For the last 247 years, the "Rule of Law" embodied in the Constitution of the United States has served the country well and has been a model for other countries to emulate, if not copy. The document's steadfastness and guidance have matured through a plethora of small and gargantuan challenges only to survive as a template to repair or improve the lives of the country's citizens. What's not to like?

The specific and undermining strategies used by some people, like the Federalist Society, and the ubiquity of Artificial Intelligence to aim for and compromise reality have crippled an understanding of the law as a guide toward equity in the conduct of human affairs. At times, trying to understand the perplexity of the situation retires to a mumbling of ineffable and convoluted aspersion, sullying the clarity of the past with imponderables. Yeah, it is that clear.
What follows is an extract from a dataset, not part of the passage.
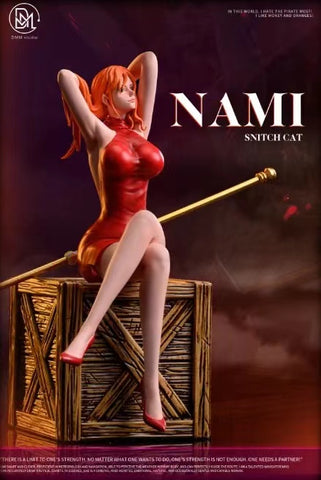 DMM Studio - Nami Snitch Cat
On the other hand, one thing is clear: the law, in its basest form, enshrines the truth and honesty of its use as a baseline for consideration and judgment. Aristotle has said that reality is out there; how we come to experience it is through the senses and our intuition of relationships between its parts. We did not "discover" the theory of relativity since it has been part of the physics of how our universe functions since the beginning, 13.83 billion years ago. We discover, to our surprise and delight, a new species of organism, but it has been with us for many eons, most probably. So, the truth is fantastic to us, but to the casual observer practicing the scientific arts, it is another chapter in the book of life. Denying, deflecting, lying, prevaricating, and manipulating the truth is not dealing with the reality of our lives but diverting it to please or release us from guilt, shame, incarceration, death, retribution, and other penalties. The denial is also used to seize wealth and power to satisfy greed, retribution, and egomania.

The Catholic confession is a gimmick, yes, a good one, in that of being able to verbalize the impossible to face the truth, share it with another, and get a penalty, even the score, physically harmless, that will not total your self-esteem and come to appreciate that no one is perfect, and you are not alone; very human.
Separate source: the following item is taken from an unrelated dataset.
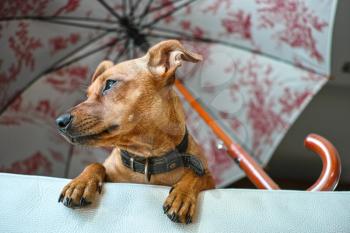 Miniature Pinscher dog waiting her owner on the sofa, viewed from below
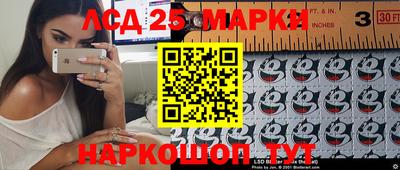 молекула духа Донской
The manipulation of text, video, and audio by Artificial Intelligence follows a format by the algorithm, prejudged and pre-planned, to come to a stated result, not by the natural progression of events but by artificial means to satisfy a prescribed result. The random search of AI in its instruction to serve a preordained 'truism' does not question the validity nor "truthiness," and only serves up what was demanded. The law requires evidence and the test of its validity against all attempts to create doubt. Judgment of any penalty for digression from legal activity can be handed down on the test of the best truth.

The validity of AI is now apparently unchallenged and, in its ubiquity, can obfuscate and derail the value and direction of "truthful" occurrences toward self-serving outcomes. That is invalid when dealing with life because the fact remains that preordained outcomes are rare. In contrast, situational outcomes close to expectations are hard-fought realities or sometimes considered "miracles." The law is imperfect, and the legal system continually looks for improvements in its functioning through study, use, review, and debate, at least in the theory of its acceptance to guide conduct.
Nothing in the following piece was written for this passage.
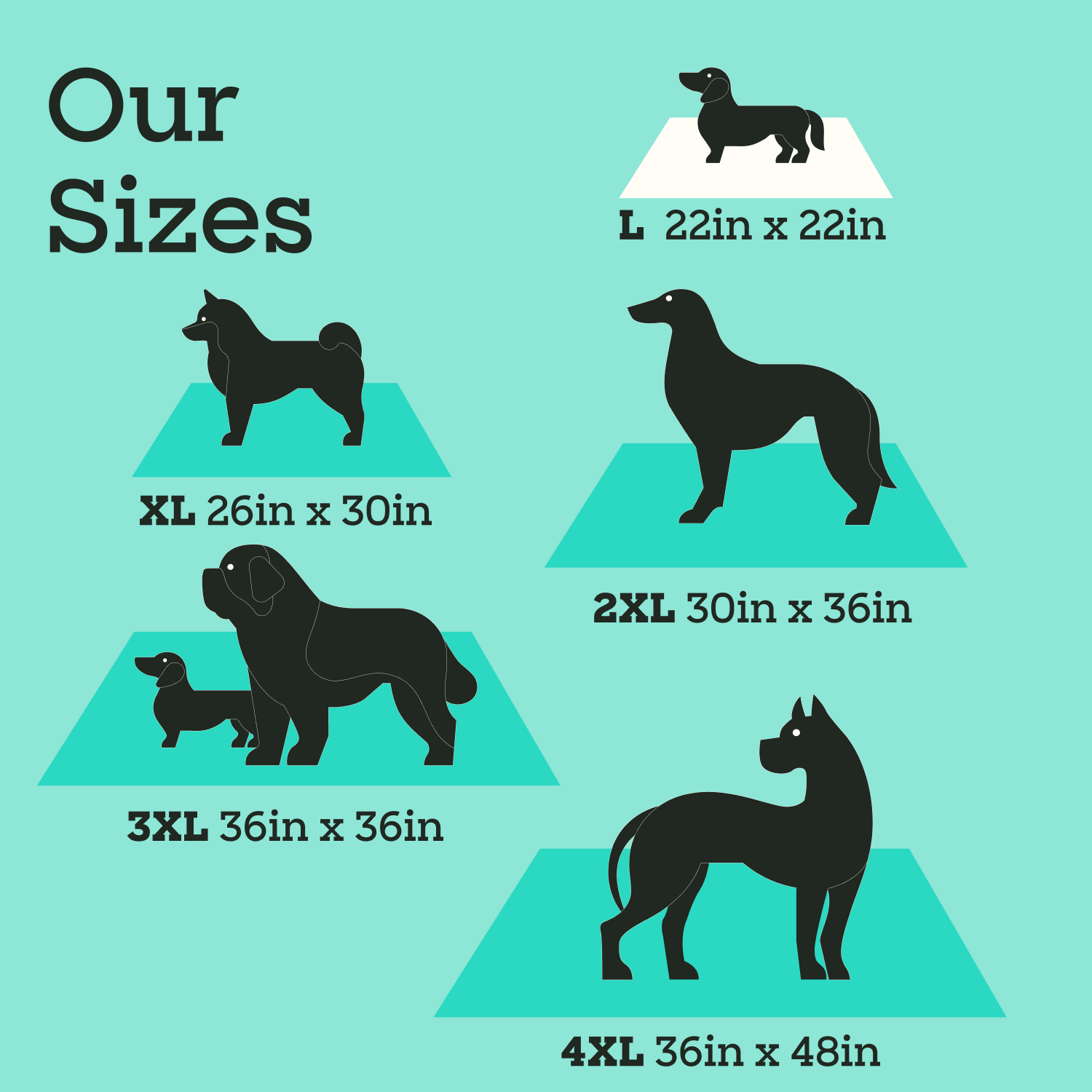 Smart Print Dog Pads, Large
Should AI be used to "help" with legal determinations? Argument? Research? The attraction of saving thousands of hours of legal research is undeniable, and structuring an argument based on precedent is salutary, but is it truthfully applicable? I would be irate to know that a decision in my case was made with a deletion, or addition, intentional or not, in the setup to an algorithm to be used as evidentiary proof and waving the paperwork in front of a jury as credibility in hand. Calling out AI, in its use for any reason, in some credible and assuring way, may offer an additional viewpoint based on the instructions to a code writer by any authority.